Kajati Kaltim Tekankan Organisasi Pers Harus Perkuat Profesionalisme dan Beri Manfaat bagi Masyarakat
SAMARINDA – Kepala Kejaksaan Tinggi Kalimantan Timur, Supardi, menerima audiensi pengurus Dewan Perwakilan Daerah (DPD) Persatuan Jurnalis Indonesia di Kantor Kejati Kaltim, Kamis (11/6/2026).
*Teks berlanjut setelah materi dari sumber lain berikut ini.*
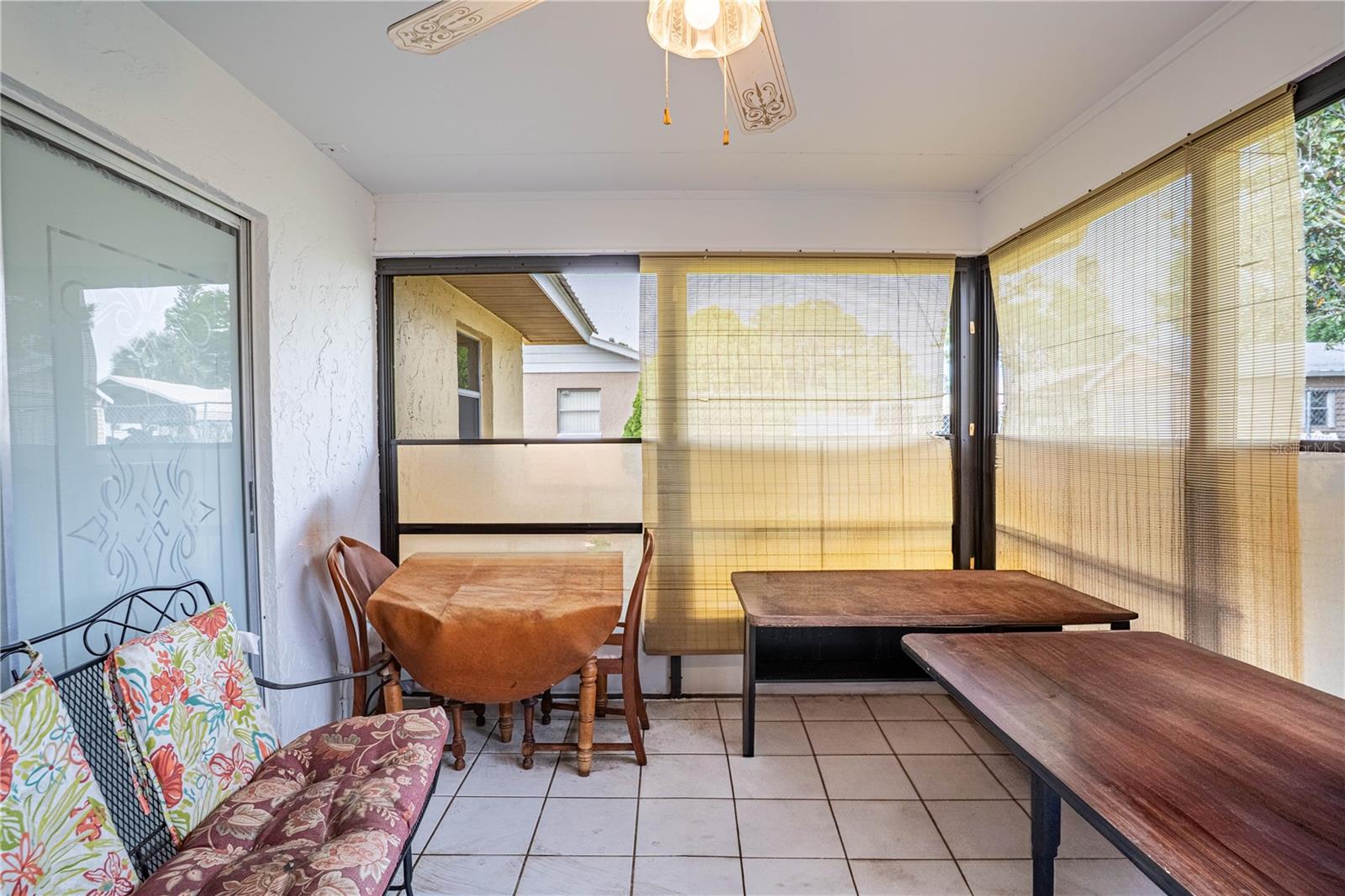 1327 DEER PARK CT, SEBRING, FL, 33872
Pertemuan tersebut menjadi ajang silaturahmi sekaligus membangun komunikasi antara organisasi profesi jurnalis dan institusi penegak hukum.
Dalam audiensi yang berlangsung hangat dan penuh keakraban itu, pengurus PJI Kalimantan Timur memaparkan profil organisasi, program kerja, serta rencana kegiatan yang akan dilaksanakan dalam waktu dekat, termasuk agenda peningkatan kompetensi anggota.
Pada kesempatan tersebut, Kajati Kaltim menegaskan pentingnya organisasi profesi wartawan menjadi wadah yang mampu memberikan kontribusi positif bagi anggotanya maupun masyarakat luas. Menurutnya, organisasi pers harus berperan dalam memperkuat profesionalisme jurnalis dan tidak menjadi sumber polemik di ruang publik.
“Keberadaan organisasi harus membawa manfaat dan nilai positif. Organisasi profesi diharapkan mampu memperkuat kapasitas anggotanya serta berkontribusi dalam menciptakan iklim informasi yang sehat bagi masyarakat,” ujar Supardi.
Ia juga menyoroti tantangan dunia jurnalistik yang semakin kompleks di era digital. Arus informasi yang bergerak cepat, menurutnya, menuntut wartawan untuk terus meningkatkan kemampuan dan menjaga profesionalisme dalam menjalankan tugas jurnalistik.
Karena itu, Supardi mendorong organisasi pers untuk aktif memfasilitasi peningkatan kualitas sumber daya manusia, salah satunya melalui pelaksanaan dan partisipasi dalam Uji Kompetensi Wartawan (UKW).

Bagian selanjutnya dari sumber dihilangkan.